No district, no neighborhood, no academic institution is safe from the threat and the fear of gun violence.

This wasn’t my first brush with an unnerving automated alert from my child’s school. In April, an email had notified parents that a student took a handgun to school. Though the weapon had been retrieved without incident and the student had been expelled, I found it impossible not to hesitate a half-second when I unlocked the car doors at drop-off every morning thereafter.

This also wasn’t my first time being advised to remain indoors and away from windows because of an active shooter. Twenty-one years ago, long before my daughter was born, I lived in Maryland when the Beltway snipers were at large. Everyone in Maryland, Washington and Virginia spent three full weeks on high alert whenever we left our homes as more and more new reports came in that people were being gunned down at gas stations, shopping centers and various other sites on mundane errands.

On Monday, I thought about those three weeks of 2002 as dismissal time neared and I tried to decide whether I should wait at home or drive to school and sit in the car pool line, waiting for the district to deem it safe to release my daughter.

UNC-Chapel Hill is a 10-minute drive from the middle school I hoped would be a better fit for my child. Until this alert came in — before the first day of the K-12 year had even ended — I had every reason to believe my hopes were well-founded. In truth, even after this harrowing entrée, I’m still fairly confident that the district itself will offer her access to the best resources available in this part of the state.

It’s uncomfortable for me to point out that I moved to a more affluent area so that my child might have access to a level of support that was missing from her old school. I don’t relish how far above my means I had to be willing to live in order to afford housing in Chapel Hill. No family should have to uproot itself for a better academic experience. But income-based educational inequity has long been the order of the day in America.

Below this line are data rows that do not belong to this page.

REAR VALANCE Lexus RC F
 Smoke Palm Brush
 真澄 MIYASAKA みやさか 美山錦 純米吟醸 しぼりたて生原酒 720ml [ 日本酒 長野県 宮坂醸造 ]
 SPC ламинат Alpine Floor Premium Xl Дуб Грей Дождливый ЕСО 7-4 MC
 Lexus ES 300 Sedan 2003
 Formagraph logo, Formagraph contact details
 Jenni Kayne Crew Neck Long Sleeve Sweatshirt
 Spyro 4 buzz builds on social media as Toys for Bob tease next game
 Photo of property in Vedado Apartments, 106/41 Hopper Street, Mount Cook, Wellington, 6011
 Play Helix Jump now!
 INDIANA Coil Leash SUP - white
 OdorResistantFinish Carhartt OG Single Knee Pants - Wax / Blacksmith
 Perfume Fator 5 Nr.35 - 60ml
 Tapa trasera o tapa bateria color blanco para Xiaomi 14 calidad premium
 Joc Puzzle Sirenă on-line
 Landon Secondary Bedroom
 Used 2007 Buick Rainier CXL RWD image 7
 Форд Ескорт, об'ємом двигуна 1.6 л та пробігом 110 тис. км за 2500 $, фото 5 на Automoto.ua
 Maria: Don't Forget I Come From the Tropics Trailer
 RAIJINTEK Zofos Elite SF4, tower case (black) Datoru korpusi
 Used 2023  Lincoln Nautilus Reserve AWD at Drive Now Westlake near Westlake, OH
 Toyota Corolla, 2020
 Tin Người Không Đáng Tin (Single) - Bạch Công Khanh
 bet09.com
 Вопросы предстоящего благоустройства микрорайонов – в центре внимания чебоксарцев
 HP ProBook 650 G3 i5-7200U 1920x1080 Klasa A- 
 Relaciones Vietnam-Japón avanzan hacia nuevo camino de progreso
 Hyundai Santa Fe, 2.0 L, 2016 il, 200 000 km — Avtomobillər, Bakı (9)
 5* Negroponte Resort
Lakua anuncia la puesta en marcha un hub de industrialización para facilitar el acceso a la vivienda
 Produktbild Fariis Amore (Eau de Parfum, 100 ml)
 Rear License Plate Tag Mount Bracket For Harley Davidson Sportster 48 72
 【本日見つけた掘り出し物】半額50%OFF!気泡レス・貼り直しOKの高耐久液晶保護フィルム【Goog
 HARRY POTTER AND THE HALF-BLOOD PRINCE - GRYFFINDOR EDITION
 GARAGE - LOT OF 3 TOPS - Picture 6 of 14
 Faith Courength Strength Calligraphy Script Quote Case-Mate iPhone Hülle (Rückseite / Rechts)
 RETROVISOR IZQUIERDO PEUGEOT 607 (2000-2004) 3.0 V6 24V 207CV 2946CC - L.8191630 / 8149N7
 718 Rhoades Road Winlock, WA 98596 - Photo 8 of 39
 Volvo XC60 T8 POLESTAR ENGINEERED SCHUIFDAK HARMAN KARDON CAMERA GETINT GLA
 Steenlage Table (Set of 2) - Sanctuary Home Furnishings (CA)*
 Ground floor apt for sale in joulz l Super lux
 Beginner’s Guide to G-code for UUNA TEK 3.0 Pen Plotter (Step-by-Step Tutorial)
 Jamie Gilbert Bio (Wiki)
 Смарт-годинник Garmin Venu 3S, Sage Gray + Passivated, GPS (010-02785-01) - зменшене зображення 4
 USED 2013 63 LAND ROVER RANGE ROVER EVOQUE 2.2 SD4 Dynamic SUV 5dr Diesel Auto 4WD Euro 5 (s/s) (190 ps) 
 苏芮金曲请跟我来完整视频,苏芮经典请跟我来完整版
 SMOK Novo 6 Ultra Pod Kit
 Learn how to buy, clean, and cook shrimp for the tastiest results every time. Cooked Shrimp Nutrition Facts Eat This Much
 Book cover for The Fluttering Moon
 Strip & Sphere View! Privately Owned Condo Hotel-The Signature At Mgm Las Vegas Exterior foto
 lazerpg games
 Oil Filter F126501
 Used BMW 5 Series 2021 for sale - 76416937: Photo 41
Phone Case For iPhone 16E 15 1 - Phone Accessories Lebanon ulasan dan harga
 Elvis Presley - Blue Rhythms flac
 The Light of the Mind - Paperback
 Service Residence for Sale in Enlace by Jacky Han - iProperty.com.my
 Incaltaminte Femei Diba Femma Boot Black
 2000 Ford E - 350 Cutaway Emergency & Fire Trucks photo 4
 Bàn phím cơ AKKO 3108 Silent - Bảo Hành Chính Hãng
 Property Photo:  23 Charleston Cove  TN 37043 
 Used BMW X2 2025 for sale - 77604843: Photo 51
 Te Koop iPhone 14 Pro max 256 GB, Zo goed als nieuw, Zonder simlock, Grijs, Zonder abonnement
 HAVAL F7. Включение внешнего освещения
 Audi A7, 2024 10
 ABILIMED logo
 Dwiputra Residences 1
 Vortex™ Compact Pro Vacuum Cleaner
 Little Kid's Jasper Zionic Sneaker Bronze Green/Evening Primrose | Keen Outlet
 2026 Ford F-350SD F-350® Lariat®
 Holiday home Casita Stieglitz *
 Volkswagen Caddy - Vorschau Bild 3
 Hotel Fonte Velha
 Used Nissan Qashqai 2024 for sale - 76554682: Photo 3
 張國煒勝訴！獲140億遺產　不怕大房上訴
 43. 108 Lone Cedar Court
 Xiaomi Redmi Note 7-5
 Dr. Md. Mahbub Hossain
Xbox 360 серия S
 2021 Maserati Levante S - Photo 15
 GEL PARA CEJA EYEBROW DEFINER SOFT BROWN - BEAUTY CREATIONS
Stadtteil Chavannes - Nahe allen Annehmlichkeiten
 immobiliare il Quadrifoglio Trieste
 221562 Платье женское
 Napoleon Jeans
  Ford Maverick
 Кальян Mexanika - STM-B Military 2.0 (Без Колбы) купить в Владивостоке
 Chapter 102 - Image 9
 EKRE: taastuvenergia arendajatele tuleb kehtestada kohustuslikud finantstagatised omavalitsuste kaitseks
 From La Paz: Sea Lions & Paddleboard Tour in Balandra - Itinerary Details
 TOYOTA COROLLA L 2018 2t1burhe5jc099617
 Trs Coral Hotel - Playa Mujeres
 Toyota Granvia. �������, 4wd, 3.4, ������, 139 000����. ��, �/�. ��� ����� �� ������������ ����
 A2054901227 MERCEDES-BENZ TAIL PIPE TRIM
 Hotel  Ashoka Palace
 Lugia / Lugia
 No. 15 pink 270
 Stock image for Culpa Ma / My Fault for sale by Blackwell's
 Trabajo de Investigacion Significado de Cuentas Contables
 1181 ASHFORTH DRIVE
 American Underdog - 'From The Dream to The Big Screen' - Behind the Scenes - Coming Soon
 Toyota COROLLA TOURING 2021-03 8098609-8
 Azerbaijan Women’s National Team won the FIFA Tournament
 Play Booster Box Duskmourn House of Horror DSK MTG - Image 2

The first day of school this year reminded me, however, that no district, no neighborhood, no academic institution is safe from the threat and the fear of gun violence. Whereas it took eight months for a gun incident to occur at my daughter’s old school, it took a scant six hours for one to happen near her new one.

My daughter, born in 2010, has lived through at least 150 school shootings nationwide.

It’s been my hope that moving so close to a top-tier public university would not only prove to be aspirational for my daughter but also make it easier for me to ensure that she’s college-tracked between now and high school graduation. Even if those hopes are realized, this week’s tragedy made clear that she will be no safer when I drop her off at college than she was this Monday, when I saw her off to her first day of seventh grade.

I ultimately made the decision to drive to school to wait until my child was released. Neither I nor any of the dozens of parents already waiting there knew whether the threat had been contained or how far the shooter might’ve been able to travel from UNC’s campus in the hours since we received that initial message. We were all on equal footing in the car pool line, all completely helpless to affect the outcome of the crisis. All we could do was hope that our children were safer inside their schools than we were, sitting outside it.

Twenty-seven minutes after normal dismissal time, my phone dinged with an update: “All clear given.” The line began to move, and one by one, parents picked up their kids, many of whom looked no worse for wear. At ages averaging 11 to 14, they’re no strangers to shooting alerts and lockdowns, either. If they’ve attended public schools for most of their academic lives, they’ve probably performed at least one active shooter drill in the last decade. They’ve lived through mass shootings at public schools and universities. My daughter, born in 2010, has lived through at least 150 school shootings nationwide.

Those numbers are only likely to increase, regardless of where we find ourselves living by the time she leaves for college.